Prior to the summit German Chancellor Angela Merkel and French President Nicolas Sarkozy had agreed to extend Barroso’s existing term of office, which is due to end this autumn. Behind the scenes they then succeeded in bringing all the other heads of government into line. “From the communists in Cyprus to Berlusconi in Italy” all 27 leaders had expressed their support for Barroso, one participant reported.

What makes Barroso so attractive is his “remarkable adaptability”, the German FAZ newspaper notes. The former Maoist, now a leading conservative politician, is renowned for his ability to adapt to the interests of the strongest business or finance lobby. 

The FAZ describes his boundless opportunism as follows: “Under his direction the commission was the engine of the Single Market in the days when liberalisation was still the rage in Europe. Later, when globalisation began to show its less attractive side he discovered social legislation, even though the EU only has a limited competency to intervene on such issues. Then when the job was to save banks and support automobile companies in the financial crisis, the officials of his commission did not want to look like spoilsports.”

The extension of Barroso’s term of office has run into difficulties because the European parliament is also demanding a say. Both the chairman of the social-democratic parliamentary group, Martin Schulz, and the chairman of the Green parliamentary group, Daniel Cohn Bendit, have expressed their opposition to any premature nomination of Barroso. They want to shift the decision to the autumn when the Lisbon Treaty is expected to come into force. Then the European parliament has a right to participate in the nomination of the commission president and not just vote on the candidate. 
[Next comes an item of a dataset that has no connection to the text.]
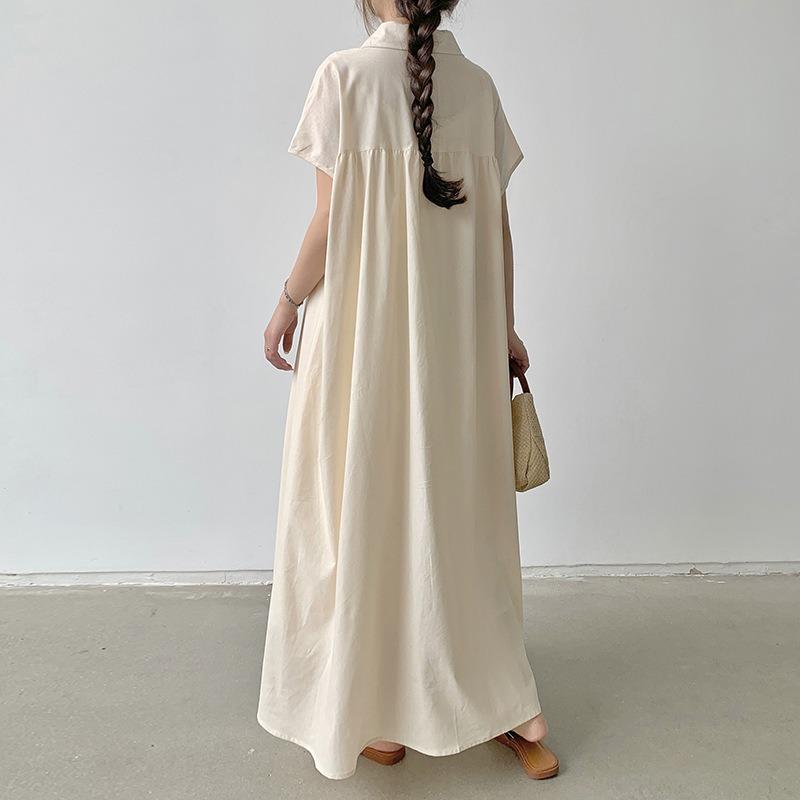 Skirt Short Sleeve Hemp Dress Women Loose Lapel Casual Shirt Dress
In fact neither the Social Democrats nor the Greens have any genuine objections to Barroso. “The opposition to Mr Barroso appears driven to a large extent by a desire to extract concessions from him when he considers appointments to his new Commission and draws up the policy programme for his second term”, was the comment by the British Financial Times. In other words, the main issue for Schulz and Cohn Bendit is the disposition of posts and influence rather than any fundamental disagreements about policy.